Retype every line from the one containing "Boire des pailles" through the last line of the records below, both included; leave out the pictures.

•••

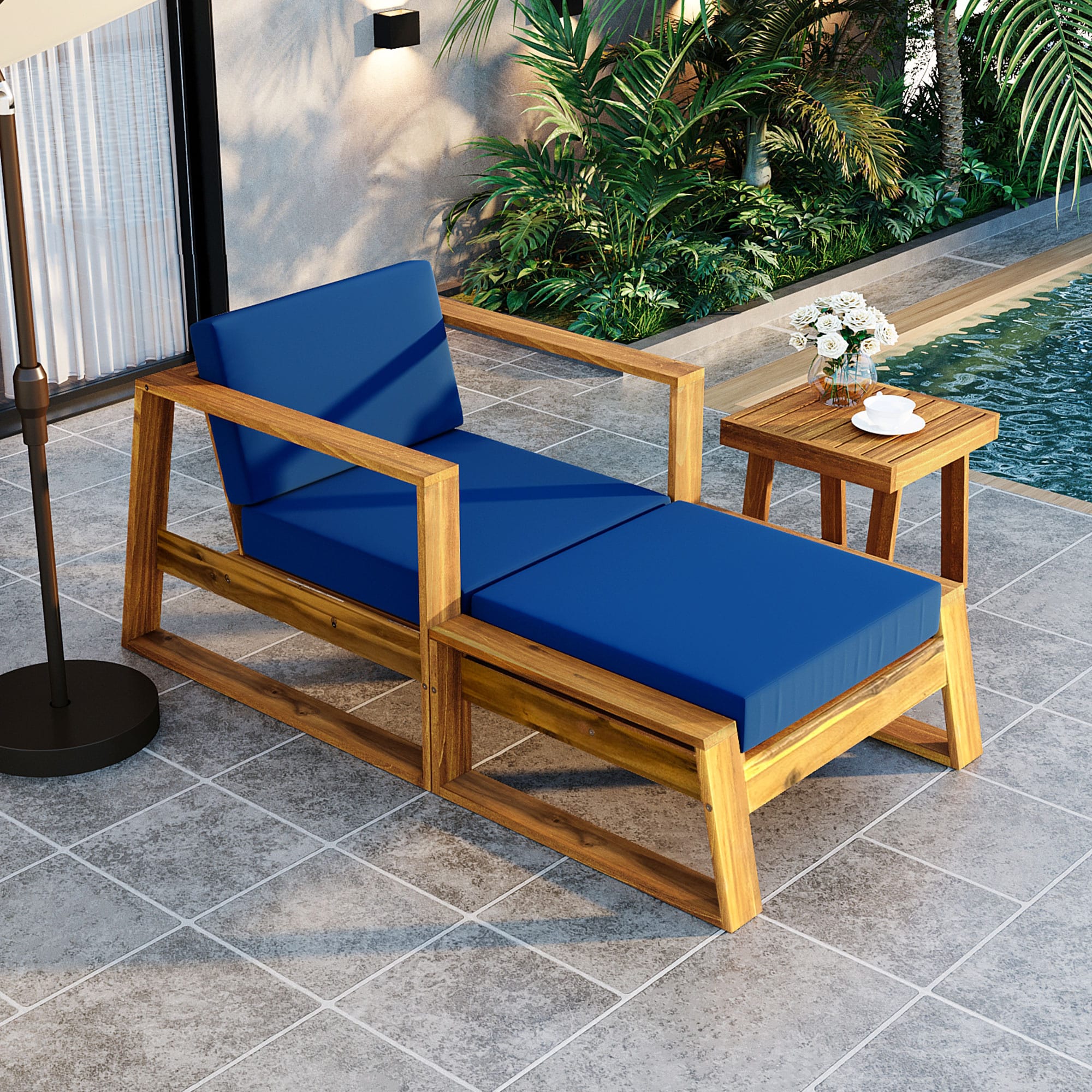 BABOOM - Acacia Wood Outdoor Chaise Lounge With End Table Natural Wood Frame Stationary Chaise Lo...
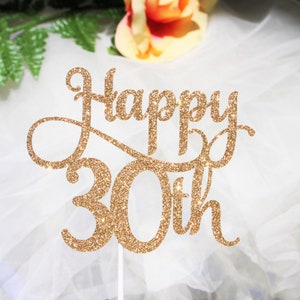 Happy 30th Cake Topper, 30th Birthday Topper, Any Age Cake Topper, Thirty Cake Topper, 30th Anniversary, Glitter Number Cake Topper!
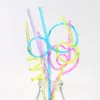 Boire des pailles 5pcs / ensemble de style créatif en plastique coloré mignon bague de curling de dessin adapté pour les barres de fête d'anniversaire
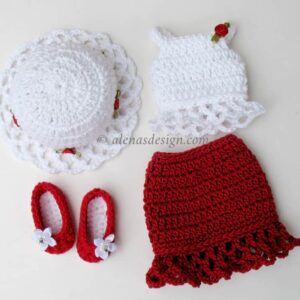 Doll Summer Ensemble Crochet Pattern Set 4PC Hat Top Skirt Shoes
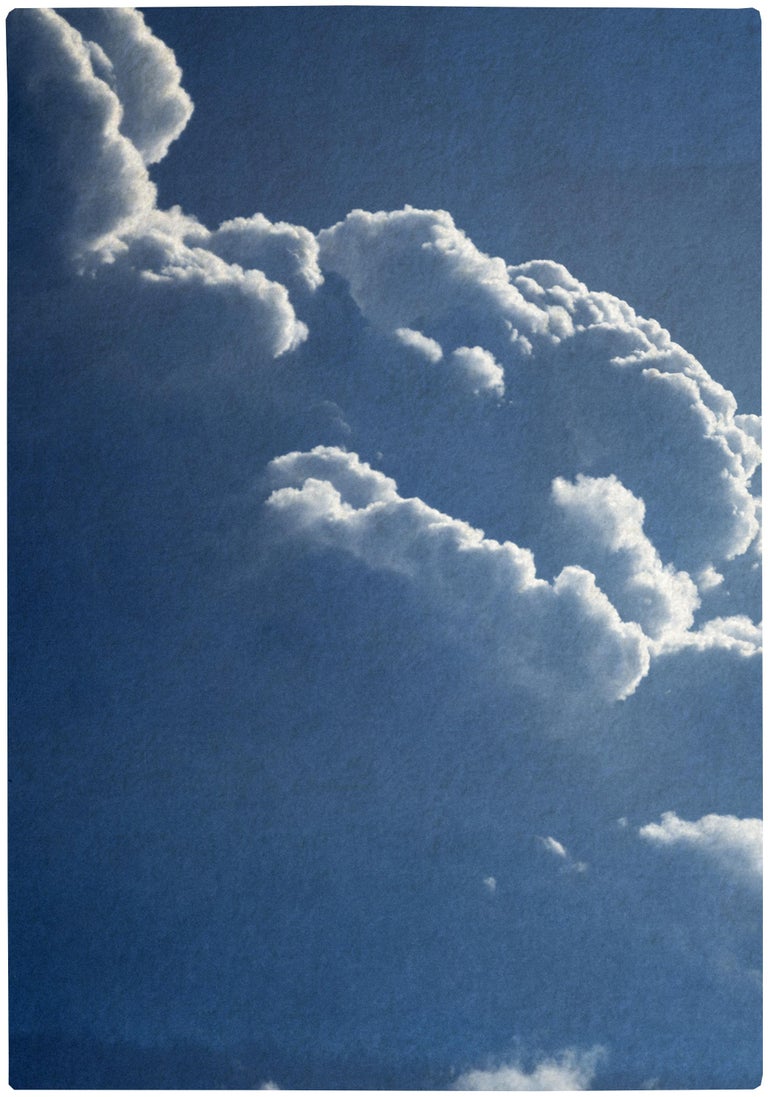 Diptych of Floating Clouds, Blue Tones Sky Scene Cyanotype Print of Silky Shapes For Sale 1
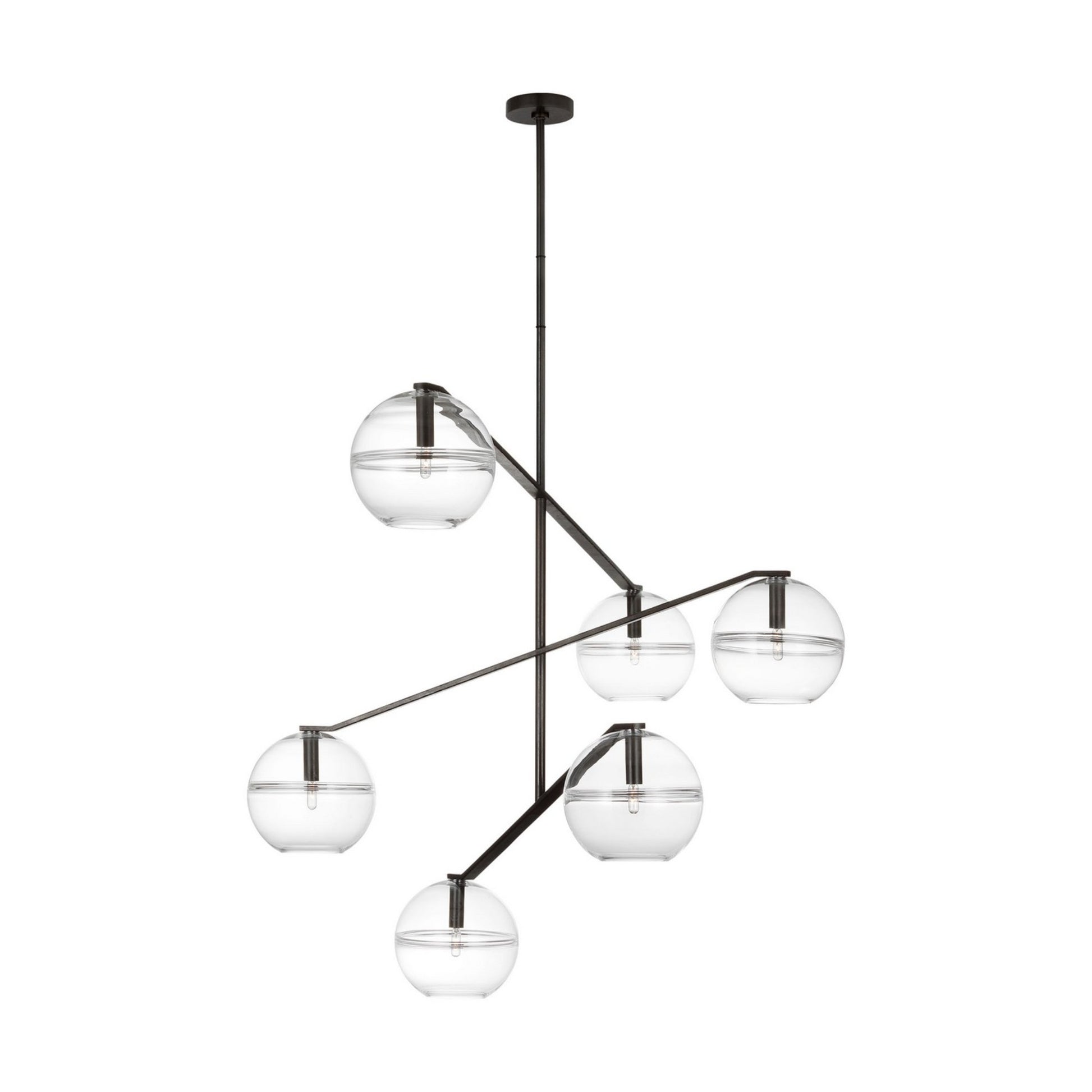 Lowing 59" 6-Light LED Grand Chandelier, Blackened Forged Finish - Bees Lighting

•••

## TASK ANSWER
 Boire des pailles 5pcs / ensemble de style créatif en plastique coloré mignon bague de curling de dessin adapté pour les barres de fête d'anniversaire
 Doll Summer Ensemble Crochet Pattern Set 4PC Hat Top Skirt Shoes
 Diptych of Floating Clouds, Blue Tones Sky Scene Cyanotype Print of Silky Shapes For Sale 1
 Lowing 59" 6-Light LED Grand Chandelier, Blackened Forged Finish - Bees Lighting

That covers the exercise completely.